Does your sense of fairness depend on what you ate for breakfast? Can Prozac influence your judgment of what is right or wrong? How can we encourage people to care about the welfare of others? Molly Crockett’s research addresses these questions.
She believes that understanding the brain can enable us to design environments that promote cooperation instead of selfishness.
Molly’s research has taken her far from her native Southern California, where she studied psychology as an undergraduate at the University of California, Los Angeles. Molly’s curiosity about brain chemistry led her to the University of Cambridge, where she completed her Ph.D. in neuroscience as a Gates Scholar. Now she collaborates with economists at the University of Zürich and neuroscientists at University College London.

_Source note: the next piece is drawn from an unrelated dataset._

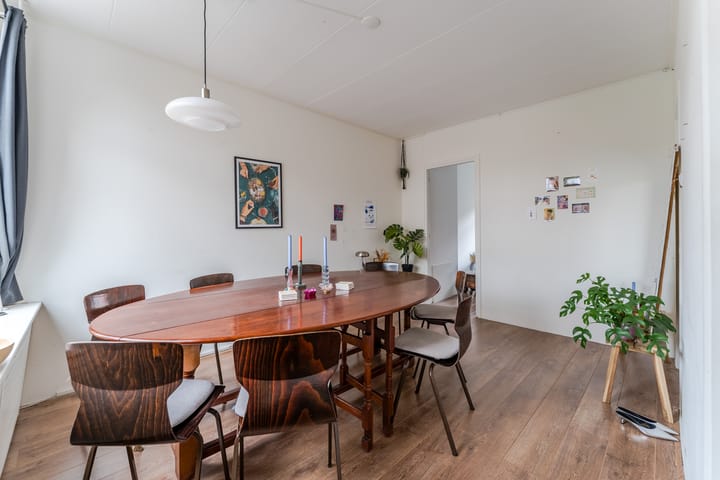 Foto 7 van Linnaeusstraat 54-BS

Dr. Molly Crockett is an Assistant Professor of Psychology at Yale University and a Distinguished Research Fellow at the Oxford Centre for Neuroethics. Prior to joining Yale, Dr. Crockett was a faculty member at the University of Oxford’s Department of Experimental Psychology and a Fellow of Jesus College. She holds a BSc in Neuroscience from UCLA and a Ph.D. in Experimental Psychology from the University of Cambridge and completed a Wellcome Trust Postdoctoral Fellowship with economists and neuroscientists at the University of Zürich and University College London.